§ **Exercise**
The answer is the exact run of lines in the listing below from the line containing "Jolie Maison En" up to and including the line containing "1993 Mercedes Benz 220E 2.2 W124 (A) - 2", with pictures removed.

§ **Records for this exercise**
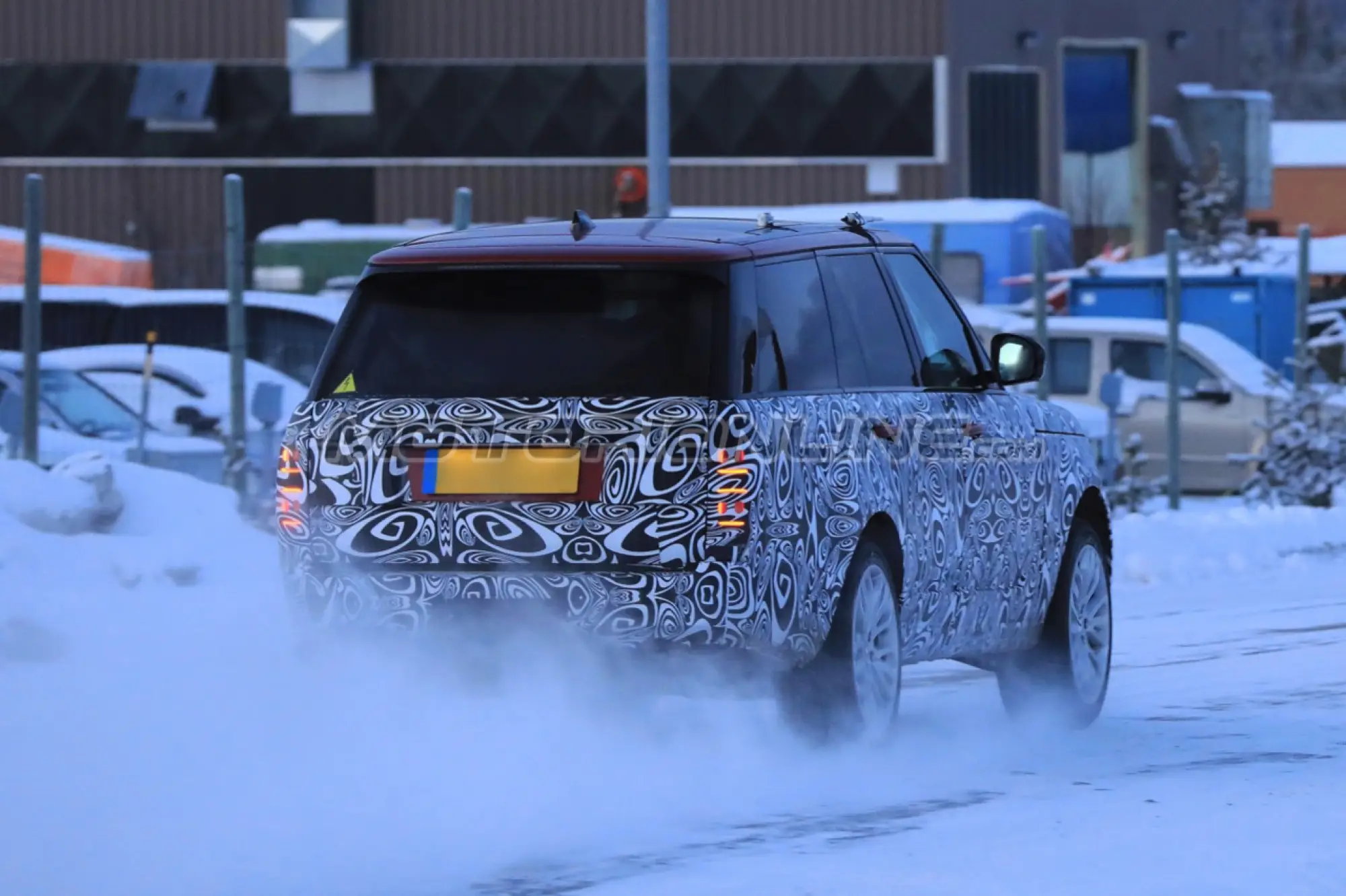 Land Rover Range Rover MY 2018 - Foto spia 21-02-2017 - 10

...

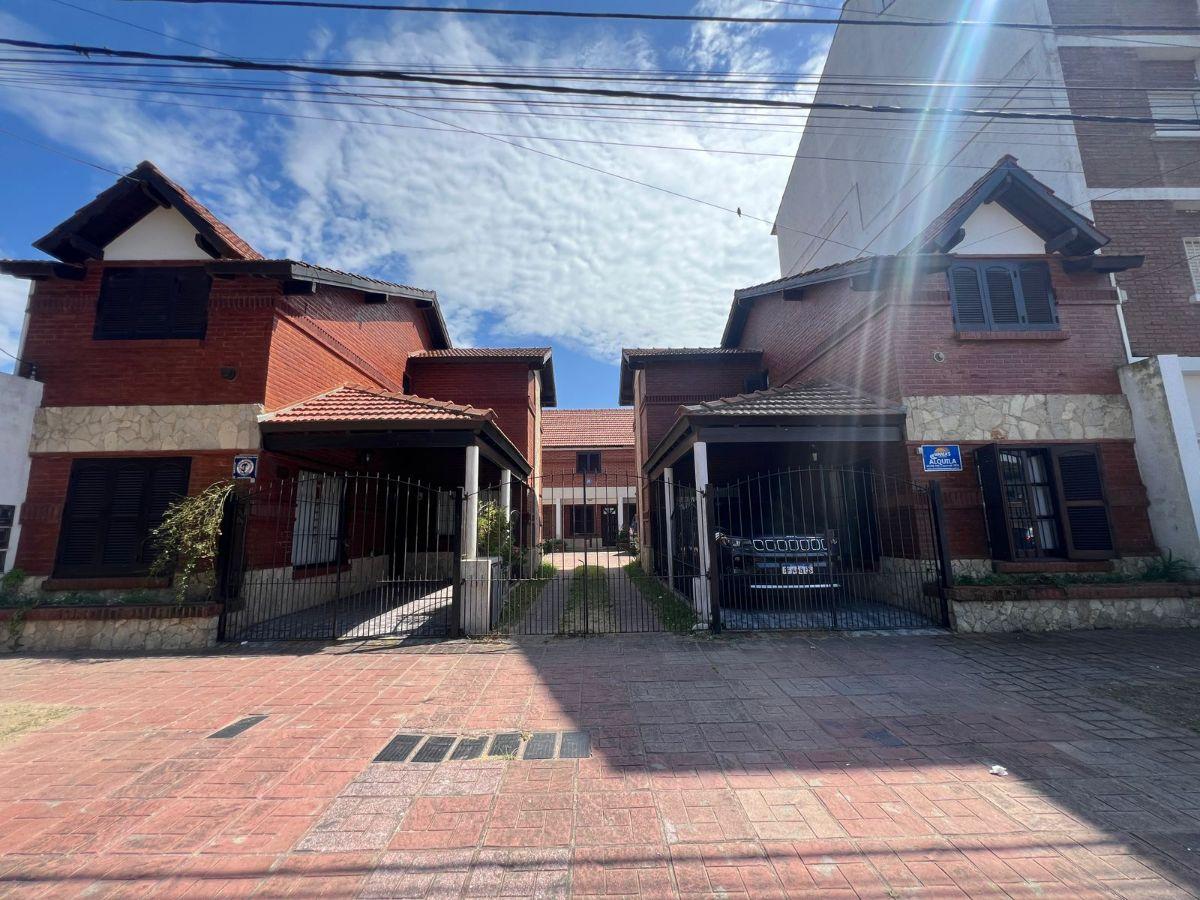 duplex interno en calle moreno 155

---

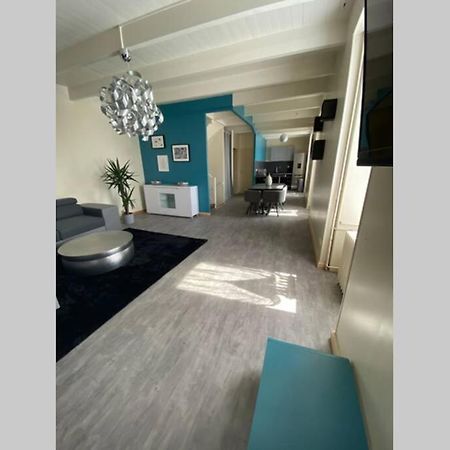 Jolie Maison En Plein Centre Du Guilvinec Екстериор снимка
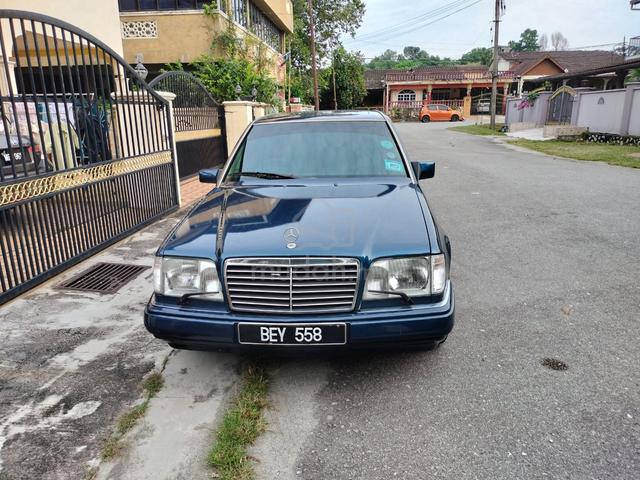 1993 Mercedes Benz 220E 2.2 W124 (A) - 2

§ **Response to the task**
 Jolie Maison En Plein Centre Du Guilvinec Екстериор снимка
 1993 Mercedes Benz 220E 2.2 W124 (A) - 2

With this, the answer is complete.